RECORDS FOR THE EXERCISE =
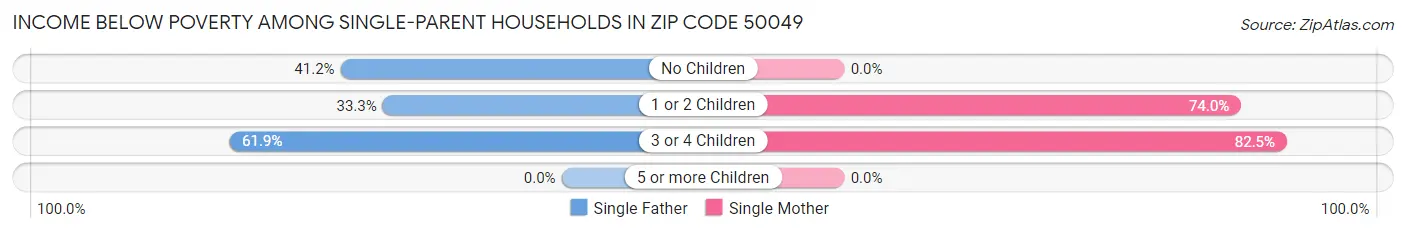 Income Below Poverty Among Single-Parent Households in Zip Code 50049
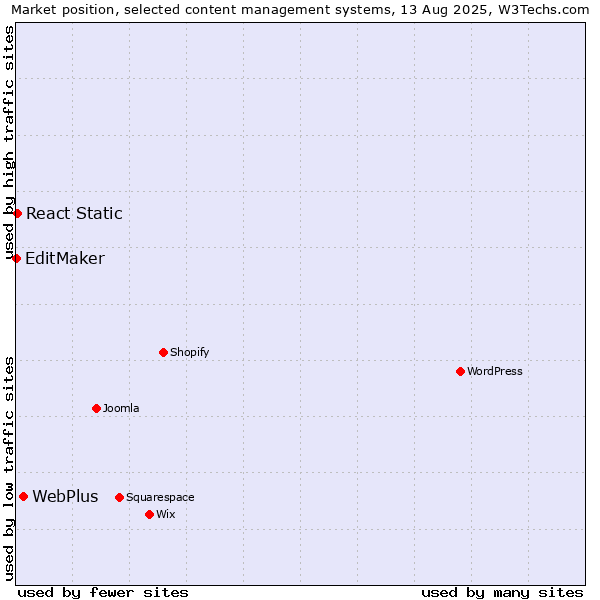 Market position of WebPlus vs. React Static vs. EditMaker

---

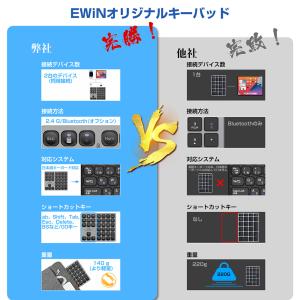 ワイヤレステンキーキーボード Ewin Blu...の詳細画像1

...

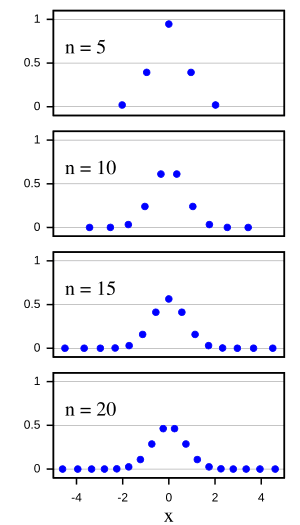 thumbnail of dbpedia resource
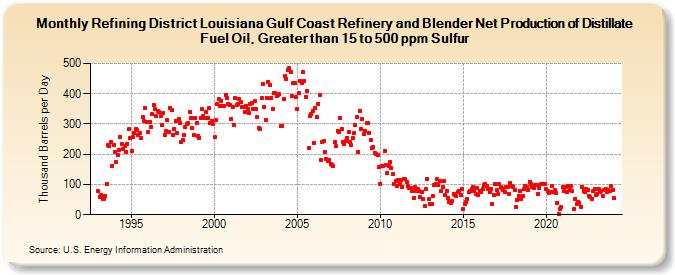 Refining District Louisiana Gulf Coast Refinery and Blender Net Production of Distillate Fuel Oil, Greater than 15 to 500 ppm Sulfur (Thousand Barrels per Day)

DESCRIPTION OF THE TASK = Look through the listing above for the line with "thumbnail of dbpedia resource" and the line with "Refining District Louisiana". Write out exactly those lines and everything between, leaving out pictures.

THE ANSWER =
 thumbnail of dbpedia resource
 Refining District Louisiana Gulf Coast Refinery and Blender Net Production of Distillate Fuel Oil, Greater than 15 to 500 ppm Sulfur (Thousand Barrels per Day)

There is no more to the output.